◆ REQUIRED WORK
Give the listing again in full and exactly, apart from its pictures.
***** DATASET
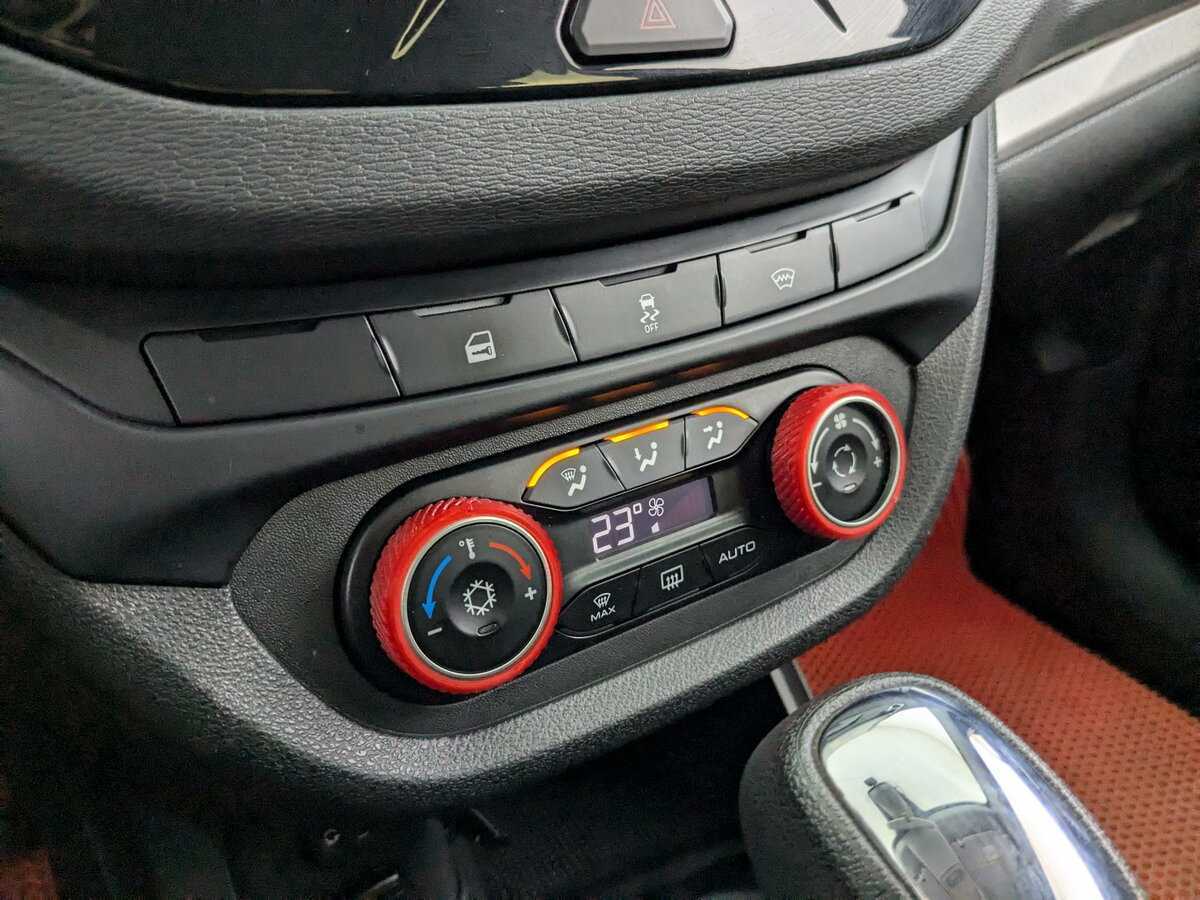 Лада (ВАЗ) Веста б/у, 2020, Вариатор. Фото: #11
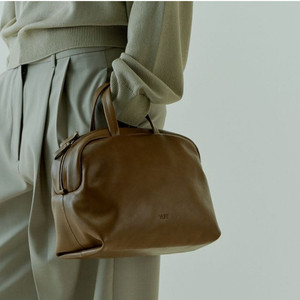 YURT gooreung bag 유르트 구릉백 브라운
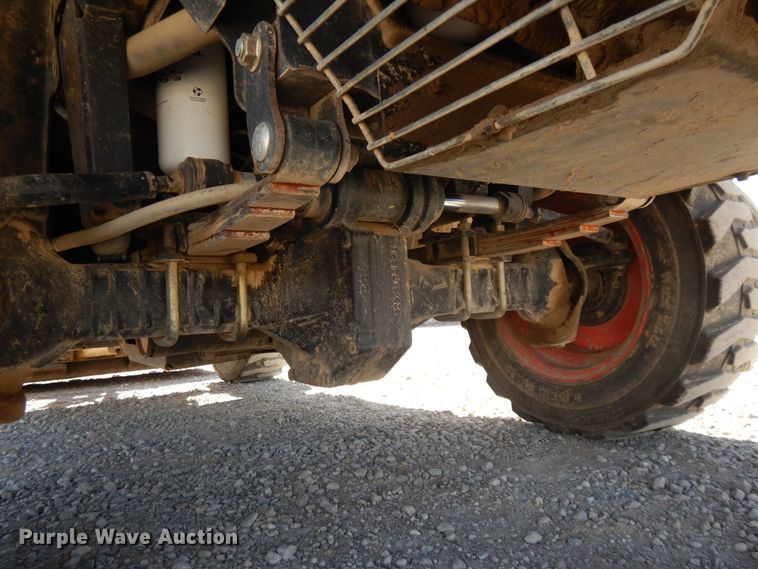 image for item DI7554 2006 Bobcat Toolcat 5600  utility vehicle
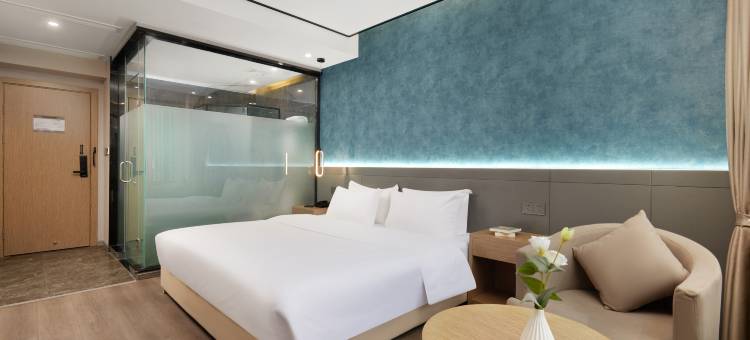 汉逸酒店(蒲江世纪中心店)图片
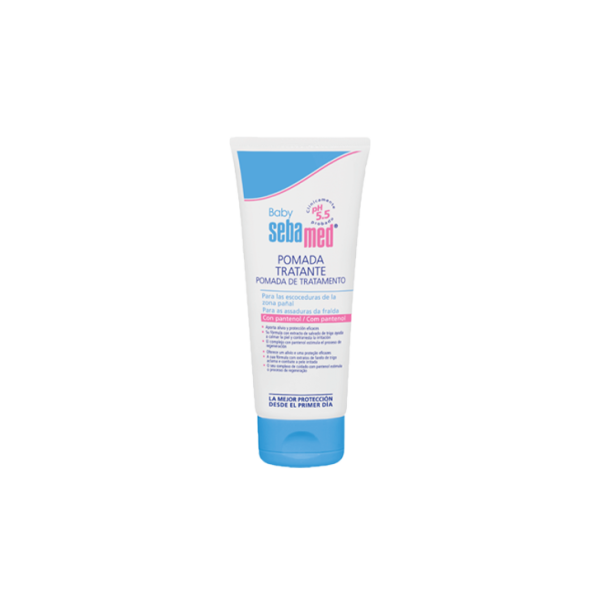 SEBAMED BABY POMADA TRATANTE 100 ML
**********
◆ OUTPUT
 Лада (ВАЗ) Веста б/у, 2020, Вариатор. Фото: #11
 YURT gooreung bag 유르트 구릉백 브라운
 image for item DI7554 2006 Bobcat Toolcat 5600  utility vehicle
 汉逸酒店(蒲江世纪中心店)图片
 SEBAMED BABY POMADA TRATANTE 100 ML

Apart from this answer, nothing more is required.